A contingency fee is a fee which a lawyer only earns by successfully winning a case. Some lawyers will make contingency fee agreements for cases in which monetary damages will be awarded, such as personal injury suits. Allowing lawyers to accept payments on a contingency basis can create more access to the legal system for people who do not have enough money to hire a lawyer outright. However, it is possible to get into a contingency fee arrangement which is not beneficial for the client, making it important to read the terms carefully.
The specifics of the contract can vary. Generally, the terms of the agreement state that the lawyer gets a percentage, with a third being a common amount, of the net earnings recovered. To determine net earnings, costs for court filings and other costs related to the suit are deducted, as are the costs for the lawyer's billable hours; the lawyer both earns a percentage and regular compensation for hours worked on the case.
A lawyer will review a case carefully before accepting it on a contingent basis. As a general rule, lawyers only pick cases which they feel confident about winning when their compensation comes in the form of a contingency fee, because they do not want to put time and energy into a case with an uncertain outcome. This means that people who need access to the legal system but have complicated cases may not be able to get a lawyer to take the case on for a contingency fee, because there may be some doubt about the probability of a successful outcome.
When a client and lawyer agree to work together for a contingency fee, a contract will be written up to spell out the terms of the agreement. The client should review the contract carefully. If it is not clear or the client has questions, the client should seek out explanations. People should not sign contracts which appear to violate the law, which contain clauses they do not understand, or which do not appear to be favorable for them.

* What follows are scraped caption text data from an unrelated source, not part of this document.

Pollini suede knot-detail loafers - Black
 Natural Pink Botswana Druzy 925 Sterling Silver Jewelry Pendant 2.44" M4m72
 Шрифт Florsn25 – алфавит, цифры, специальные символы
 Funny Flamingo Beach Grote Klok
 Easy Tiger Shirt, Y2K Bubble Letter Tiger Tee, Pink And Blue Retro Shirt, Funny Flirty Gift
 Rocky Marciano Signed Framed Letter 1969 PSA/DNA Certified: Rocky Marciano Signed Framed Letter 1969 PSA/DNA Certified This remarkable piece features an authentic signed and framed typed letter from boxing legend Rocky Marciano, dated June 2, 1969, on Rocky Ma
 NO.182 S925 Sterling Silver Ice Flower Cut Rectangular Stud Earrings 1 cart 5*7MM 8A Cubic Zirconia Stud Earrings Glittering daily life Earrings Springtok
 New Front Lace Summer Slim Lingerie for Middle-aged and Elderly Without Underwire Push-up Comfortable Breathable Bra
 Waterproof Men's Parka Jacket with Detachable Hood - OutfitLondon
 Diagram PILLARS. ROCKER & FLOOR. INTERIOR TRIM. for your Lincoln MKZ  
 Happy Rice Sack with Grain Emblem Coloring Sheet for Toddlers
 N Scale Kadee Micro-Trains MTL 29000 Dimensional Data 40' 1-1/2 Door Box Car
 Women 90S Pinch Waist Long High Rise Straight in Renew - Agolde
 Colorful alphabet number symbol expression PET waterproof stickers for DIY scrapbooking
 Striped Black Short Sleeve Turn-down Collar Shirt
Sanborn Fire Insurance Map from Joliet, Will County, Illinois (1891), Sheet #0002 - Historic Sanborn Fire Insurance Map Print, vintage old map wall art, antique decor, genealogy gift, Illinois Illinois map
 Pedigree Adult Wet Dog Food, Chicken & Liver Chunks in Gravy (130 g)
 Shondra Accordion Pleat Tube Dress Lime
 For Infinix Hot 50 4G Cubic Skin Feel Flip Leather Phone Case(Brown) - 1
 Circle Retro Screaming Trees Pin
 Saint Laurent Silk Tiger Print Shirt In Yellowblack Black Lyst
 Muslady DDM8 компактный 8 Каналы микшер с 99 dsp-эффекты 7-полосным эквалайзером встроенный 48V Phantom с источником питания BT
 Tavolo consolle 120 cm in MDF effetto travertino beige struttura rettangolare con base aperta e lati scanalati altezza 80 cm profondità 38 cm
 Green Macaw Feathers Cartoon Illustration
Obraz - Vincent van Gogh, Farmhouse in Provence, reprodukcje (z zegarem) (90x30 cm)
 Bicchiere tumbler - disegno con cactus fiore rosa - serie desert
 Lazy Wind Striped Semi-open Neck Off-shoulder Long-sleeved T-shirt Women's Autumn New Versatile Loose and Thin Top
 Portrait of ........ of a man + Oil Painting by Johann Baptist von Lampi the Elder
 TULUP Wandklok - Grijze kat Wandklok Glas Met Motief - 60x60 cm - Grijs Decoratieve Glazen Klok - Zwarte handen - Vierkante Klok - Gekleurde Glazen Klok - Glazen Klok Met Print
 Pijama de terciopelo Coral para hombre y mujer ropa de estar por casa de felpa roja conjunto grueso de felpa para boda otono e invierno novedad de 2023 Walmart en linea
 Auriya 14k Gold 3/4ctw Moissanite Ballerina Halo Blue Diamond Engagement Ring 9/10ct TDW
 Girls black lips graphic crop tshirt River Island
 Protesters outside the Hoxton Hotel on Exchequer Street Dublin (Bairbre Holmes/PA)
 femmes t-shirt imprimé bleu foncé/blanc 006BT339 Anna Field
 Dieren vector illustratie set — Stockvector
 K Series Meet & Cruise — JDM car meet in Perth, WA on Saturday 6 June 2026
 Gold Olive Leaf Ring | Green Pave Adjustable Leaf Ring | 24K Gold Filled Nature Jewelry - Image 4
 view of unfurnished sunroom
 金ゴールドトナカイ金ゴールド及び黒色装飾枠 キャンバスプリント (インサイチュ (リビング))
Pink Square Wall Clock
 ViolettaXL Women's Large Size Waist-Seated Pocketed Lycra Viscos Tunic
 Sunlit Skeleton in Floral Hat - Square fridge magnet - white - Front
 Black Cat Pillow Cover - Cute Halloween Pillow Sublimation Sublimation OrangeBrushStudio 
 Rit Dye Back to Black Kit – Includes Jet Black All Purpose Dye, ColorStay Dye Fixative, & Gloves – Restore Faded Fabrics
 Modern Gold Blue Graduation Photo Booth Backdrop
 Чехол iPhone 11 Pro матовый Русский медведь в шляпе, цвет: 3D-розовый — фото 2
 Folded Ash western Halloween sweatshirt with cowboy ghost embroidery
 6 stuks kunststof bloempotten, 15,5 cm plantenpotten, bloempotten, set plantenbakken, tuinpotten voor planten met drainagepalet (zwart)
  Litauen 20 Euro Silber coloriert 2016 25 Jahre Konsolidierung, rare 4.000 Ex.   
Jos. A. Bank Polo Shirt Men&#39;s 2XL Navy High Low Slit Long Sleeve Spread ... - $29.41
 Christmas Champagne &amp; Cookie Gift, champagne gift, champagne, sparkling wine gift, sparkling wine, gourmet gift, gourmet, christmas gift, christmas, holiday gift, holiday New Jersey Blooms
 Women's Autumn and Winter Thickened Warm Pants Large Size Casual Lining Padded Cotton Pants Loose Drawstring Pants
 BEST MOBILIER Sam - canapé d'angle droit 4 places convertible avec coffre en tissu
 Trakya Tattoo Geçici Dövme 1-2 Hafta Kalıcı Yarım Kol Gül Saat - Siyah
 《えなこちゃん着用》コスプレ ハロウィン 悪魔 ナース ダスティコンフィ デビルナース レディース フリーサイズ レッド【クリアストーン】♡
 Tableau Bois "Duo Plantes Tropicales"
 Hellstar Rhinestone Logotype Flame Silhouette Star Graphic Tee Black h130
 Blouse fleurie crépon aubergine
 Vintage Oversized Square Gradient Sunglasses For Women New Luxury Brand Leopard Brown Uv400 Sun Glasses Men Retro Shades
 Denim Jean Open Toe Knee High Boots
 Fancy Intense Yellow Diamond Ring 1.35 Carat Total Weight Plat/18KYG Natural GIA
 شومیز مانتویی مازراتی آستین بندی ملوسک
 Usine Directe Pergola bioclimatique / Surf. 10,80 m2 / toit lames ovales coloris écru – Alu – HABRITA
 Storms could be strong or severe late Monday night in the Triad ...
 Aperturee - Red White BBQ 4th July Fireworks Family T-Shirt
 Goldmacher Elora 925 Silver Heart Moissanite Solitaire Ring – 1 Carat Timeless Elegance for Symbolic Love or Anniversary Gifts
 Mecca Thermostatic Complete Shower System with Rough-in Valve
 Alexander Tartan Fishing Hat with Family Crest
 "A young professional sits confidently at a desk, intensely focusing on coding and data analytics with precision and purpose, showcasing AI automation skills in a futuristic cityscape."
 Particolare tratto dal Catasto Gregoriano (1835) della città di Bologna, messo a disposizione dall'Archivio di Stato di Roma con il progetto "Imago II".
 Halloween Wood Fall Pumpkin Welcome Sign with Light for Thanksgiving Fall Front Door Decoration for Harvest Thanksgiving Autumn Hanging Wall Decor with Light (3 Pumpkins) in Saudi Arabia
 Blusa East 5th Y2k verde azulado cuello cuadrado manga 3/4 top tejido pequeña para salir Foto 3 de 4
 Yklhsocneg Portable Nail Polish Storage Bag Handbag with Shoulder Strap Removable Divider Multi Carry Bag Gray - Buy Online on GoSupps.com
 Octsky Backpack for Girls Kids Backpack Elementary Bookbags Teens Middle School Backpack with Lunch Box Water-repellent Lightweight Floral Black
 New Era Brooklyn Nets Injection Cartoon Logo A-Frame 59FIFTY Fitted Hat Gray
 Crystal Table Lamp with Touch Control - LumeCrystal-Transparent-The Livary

People should also be aware that many regional bar associations regulate how and when contingency fees can be used. These organizations consider excessive percentages to be a violation of ethics, and will penalize member attorneys who attempt to create an unreasonable contingency fee contract. Information about contingency fees is available directly from many bar associations, often on their websites, and it is advisable to look this over while developing a contract with a lawyer.